**SUPPLIED MATERIAL**
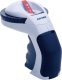Drukarka etykiet Dymo DYMO Omega  Prägegerät - Etikettiergerät für Zuhause Blister 6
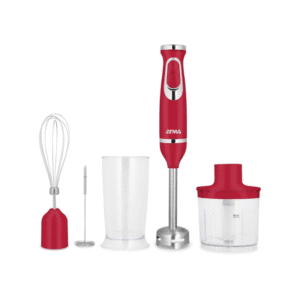 MINIPIMER ATMA LM-8528RP 5 EN 1
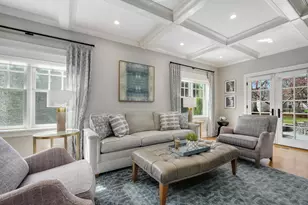 4122 Grand Ave, Western Springs, IL 60558 - Photo 9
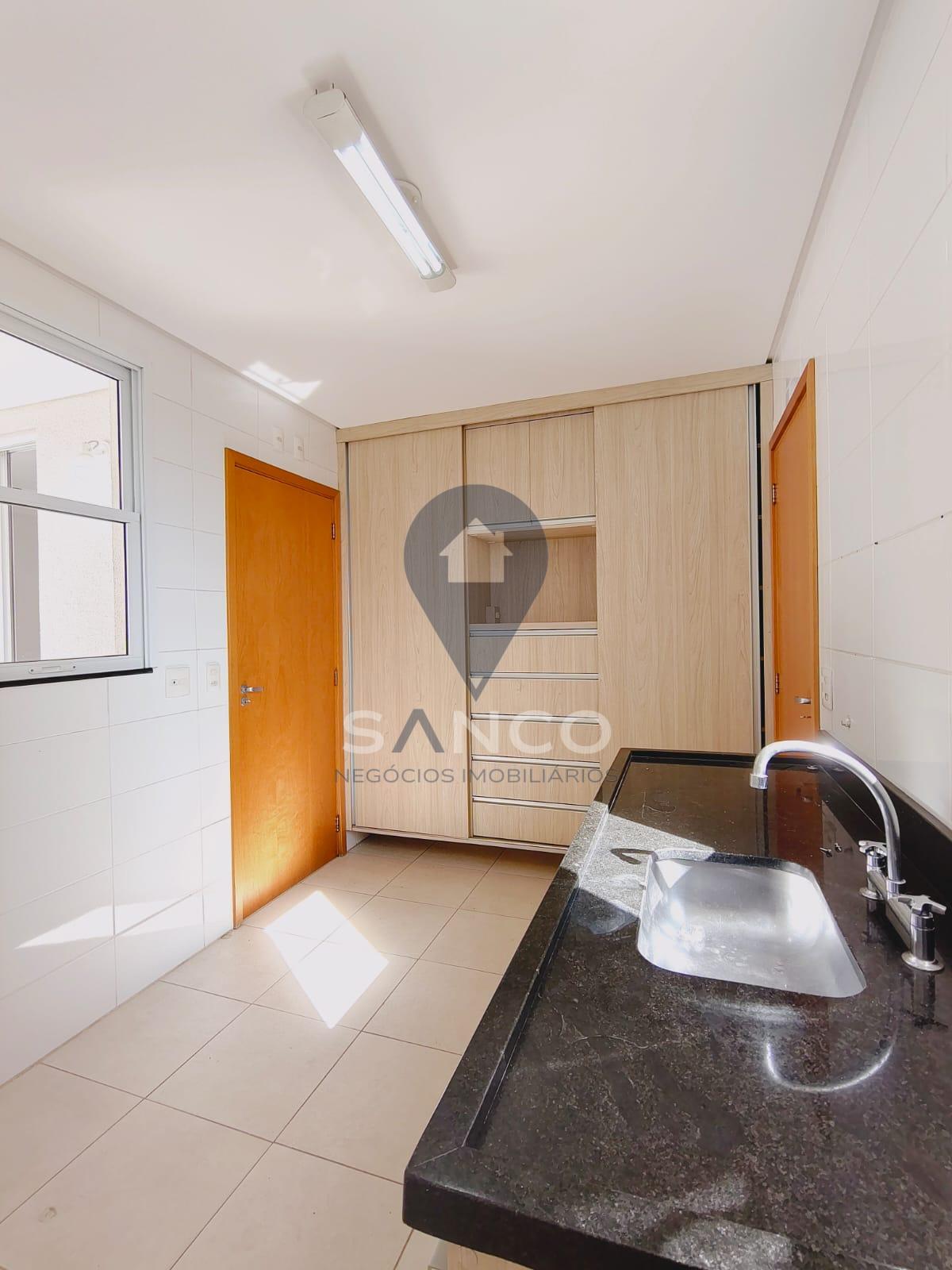 APARTAMENTO PARA LOCA&Ccedil;&Atilde;O NO CONDOM&Iacute;NIO TERRA&Ccedil;OS DA SERRA, NA CIDADE DE JUNDIA&Iacute; Avenida Osmundo dos Santos Pellegrini Jundiaí - 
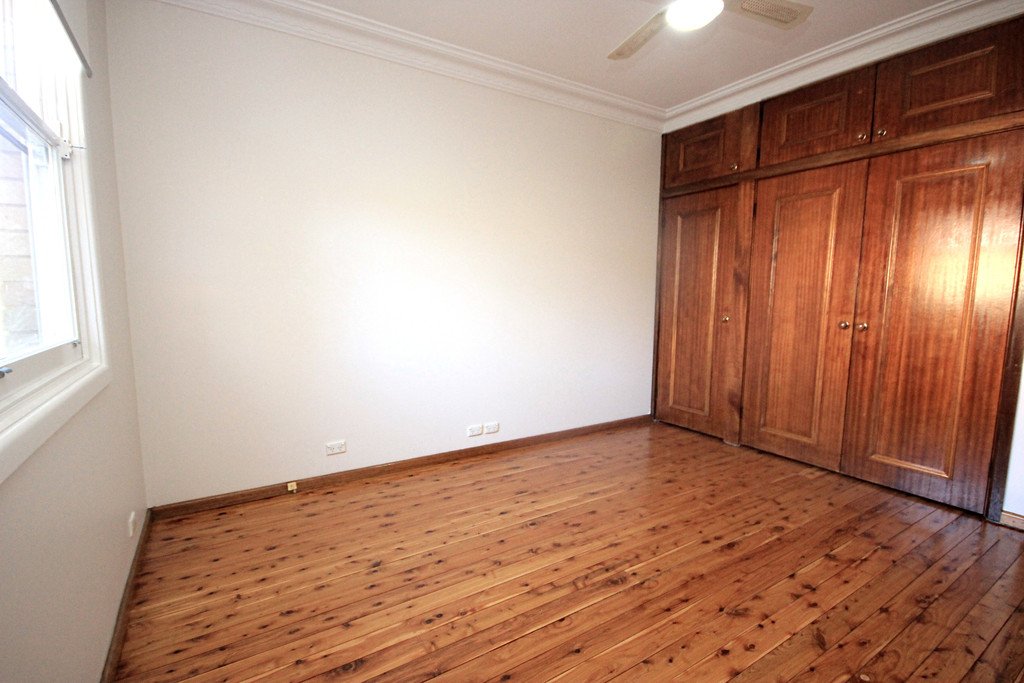 33 Horbury Street SANS SOUCI 5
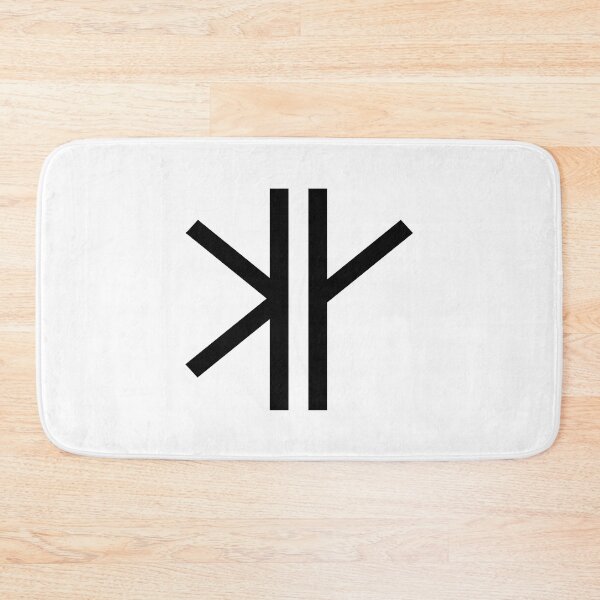 Item preview, Heckyes! designed and sold by heckyesco.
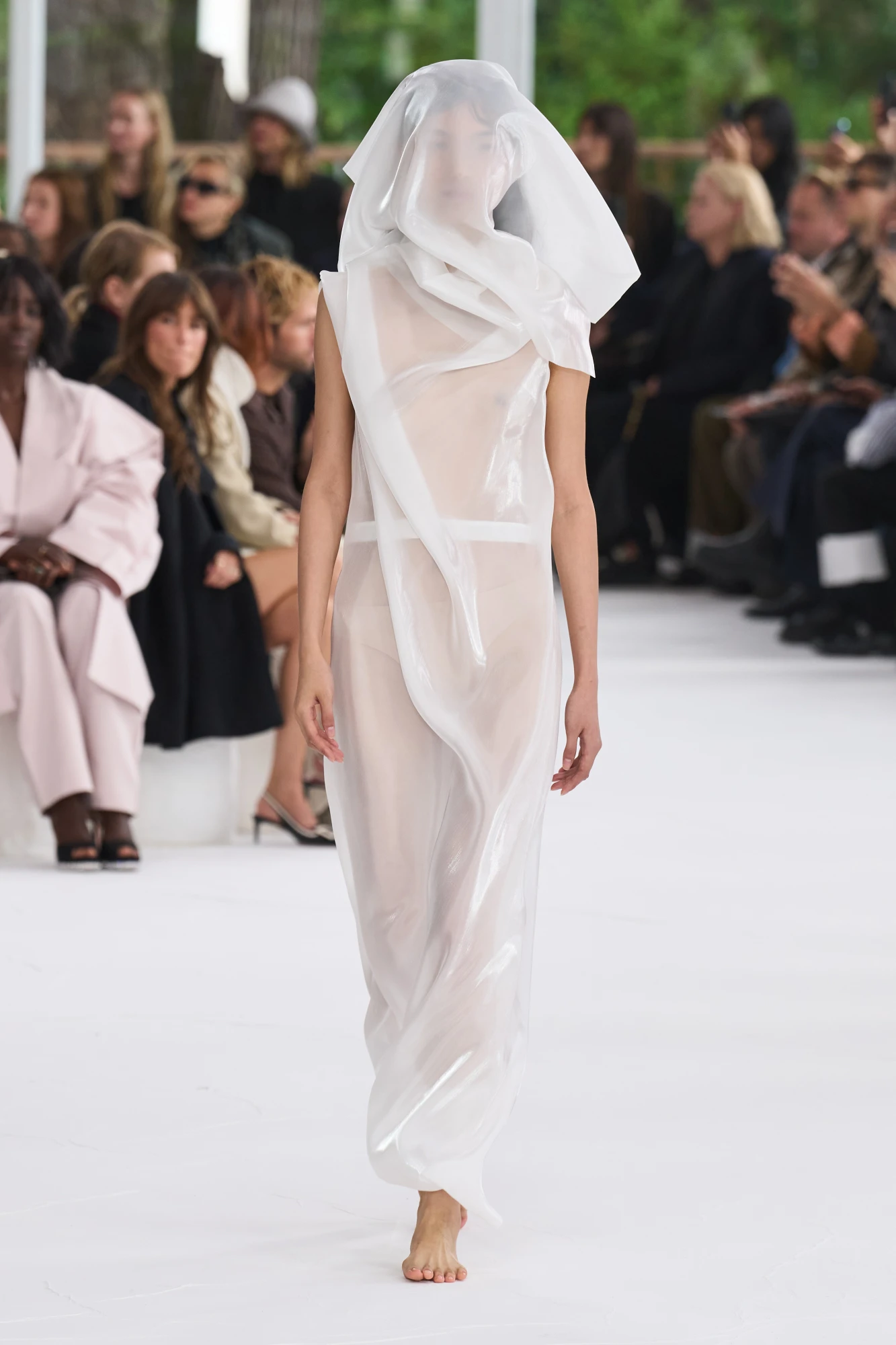 Issey Miyake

**ACTION ITEM**
Quote exactly, and only, the lines from the line containing "4122 Grand Ave, Western" through the final line of the records above, both included, omitting any pictures.

**WORKED SOLUTION**
 4122 Grand Ave, Western Springs, IL 60558 - Photo 9
 APARTAMENTO PARA LOCA&Ccedil;&Atilde;O NO CONDOM&Iacute;NIO TERRA&Ccedil;OS DA SERRA, NA CIDADE DE JUNDIA&Iacute; Avenida Osmundo dos Santos Pellegrini Jundiaí - 
 33 Horbury Street SANS SOUCI 5
 Item preview, Heckyes! designed and sold by heckyesco.
 Issey Miyake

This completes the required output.